Liberation theology in Latin America, in its pioneer work during the 1970s,
took the pattern of the work of women in communities to develop its own
story-telling or life experience sharing way of reflection. Women were doing
this sort of grounded theology mainly for reasons of their political exclusion;
their work with the poor and marginalised was sometimes the only area in which
they had access to theological reflection, since for a long time theological
education and councils were not open to womens presence and reflections.
During the last 30 years that theology has developed a vision for grounding
every reflection about God in the lives and experiences of poor women as
individuals and as communities. In that way, the work of Mujeristas or
Womanists, has pioneered a style of doing theology from peoples own
stories, including a new perspective on Christian Ethics which could come from
a critical reflection based on reality, instead of the well known method which
first of all establishes general moral principles, and then, asks people to
adapt to them.
That
method is, by the way, the method used by ideologies and its is the
method of Cardinal Ratzinger: the theocratic method. In the process of
ideological formation, ideas always come first, and people come second. Great
universal principles and general statements about the values are established
first ( usually under the influence of some political and economic criteria
disguised as a spiritual principle). People are then asked to fit their lives
into those principles, now presented not as political creations, but as
original truths or the will of God, and in any case,
the normal state of things. But peoples lives seldom fit these
discourses, and then those whose lives do not adapt to these ideological
constructions (be they secular or divine principles) are considered
abnormal. Call them deviants or sinners, the sad thing is that when
some people cannot adapt their lives or circumstances to the ideas of the
controlling elites, they need to pay the price of marginalisation for that.
In
Christianity, the concept of salvation has been misused many times to simply
mean adaptation to these political and sexual ideologies.
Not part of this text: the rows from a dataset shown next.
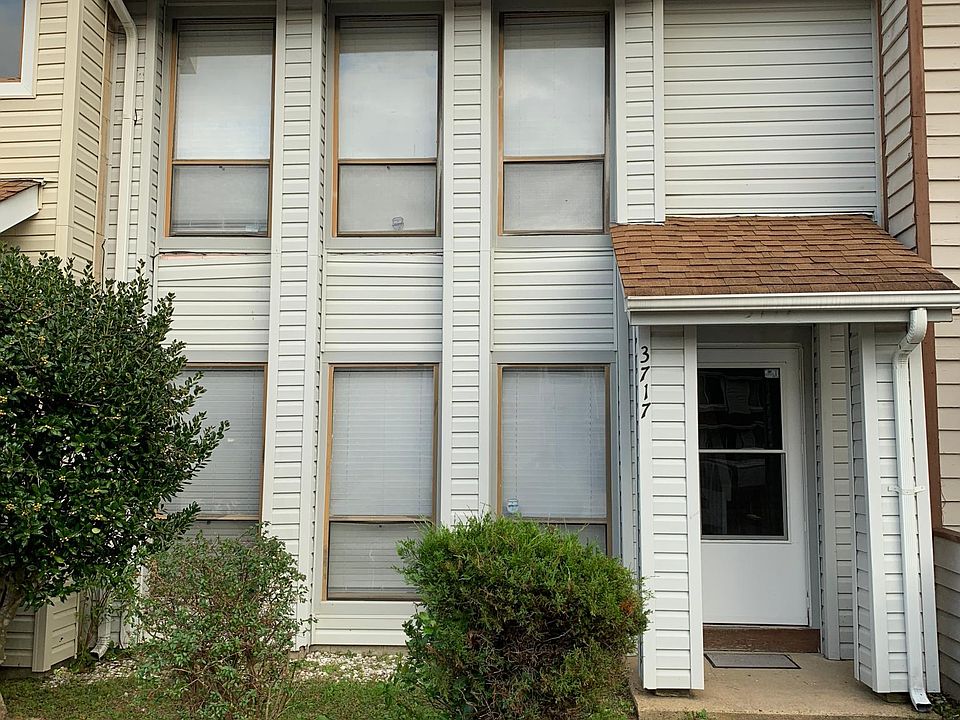 1st image of 3717 Chimney Creek Dr
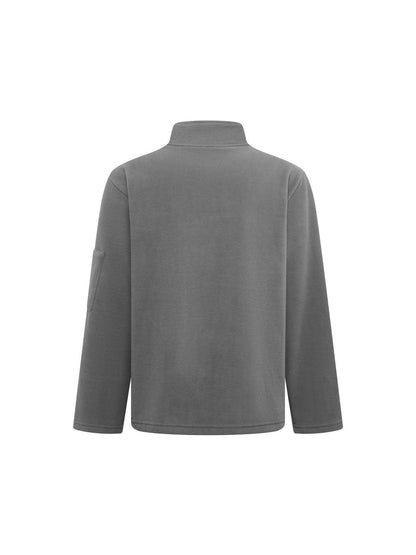 Mittelgraue Fleecejacke von hinten mit Stehkragen, glattem Rücken und Ärmeltasche links im Bild 11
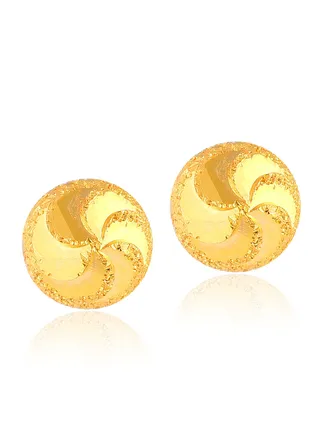 Effortless Elegance: Discover Our Stunning 22kt Gold Stud Earrings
Conversion has meant an acceptance of the ideas generated by
systems of authority, that is, conversion from the margins to the so called or
perceived normality. It challenges what we should like to be
accepted or the way God is supposed to look. Womens theology around
issues of womens ordination is deviant theology, because its methods are
based on participatory principles, on people first style, and opposed to the
norm of theocracy. The abnormality of this task is unavoidable, and
this is the reason why the Gospels are so subversive at times, because Jesus
and his friends were the first to challenge the imposed normality
of the Pax Romana, for instance. No normal guy would convert to what at the
times would end in crucifixion.
Jesus
message was one of conversion to abnormality and social deviance from the
Imperial Roman model which did not admit contestation. My point is that by
being here gathering to reflect theologically on issues pertaining to the
ordination of women in the Roman Catholic Church, we are here to do a
biographical and deviant theology. Not a theology of adaptation (to be allowed
to be part of the defined normalcy of the church) but to continue with the
tradition of doing theology which we inherited from the Gospel: subverting
death in order to bring life; disrupting structures of injustice in order to
bring human dignity to peoples lives, and being profoundly critical and
transformative. Our biographies are here, because this is about grounding our
theology in our stories of being human, of being women, and women in the
church. This is what is denied and silenced in the church debate: womens
experience. By the mere fact of being women, and women who start to do theology
from experience and not from ideas, we are called to produce a deviant theology
with a clear call to abnormality, if by normality we mean the current state of
patriarchal thinking in the church. And this is precisely the crux of our
problem. The issue of womens ordination in the church brings the
definition of the churchs normality into conflict with the abnormality of
the Gospel story.
What
looks normal in the Gospel? What kind of normal man is Jesus? Do
men born from virgins every other day declare themselves sons of God. Do gods
incarnate as peasants and end their lives killed at the rubbish dumps outside
our cities ) our modern equivalents to the Golgotha of the New Testament)?
The
whole Gospel is about disruptions of our understanding and perception of the
normal, including sexuality. Jesus original birth is perhaps in this
context, not the most important thing, but the idea of a God incarnated amongst
the dispossessed, developing a ministry in dialogue with them and showing the
meaning of social and spiritual convictions, may be. And if there was ever a
Messiah who did not look as a Messiah, that was Jesus. It was the German
theologian Friedrich Schleirmacher who once said that the Christian
church is always in the process of becoming.' This becoming involves a process
of changing, endings, new beginnings, and synthesis. Unlike ideologies where
fixed, unchangeable ideas come first and people second. Jesus shows us a model
of God who is neither fixed nor finished. Jesus is becoming God, in
dialogue, being nurtured and growing in community at the margins and especially
one of women. The paradox is that somehow, while Jesus is still becoming as we
understand more about the real meaning of the project of the Kingdom, the
church has stopped growing fixated in the cultural and sexual models of a
bygone age which obeys a very particular conception of society.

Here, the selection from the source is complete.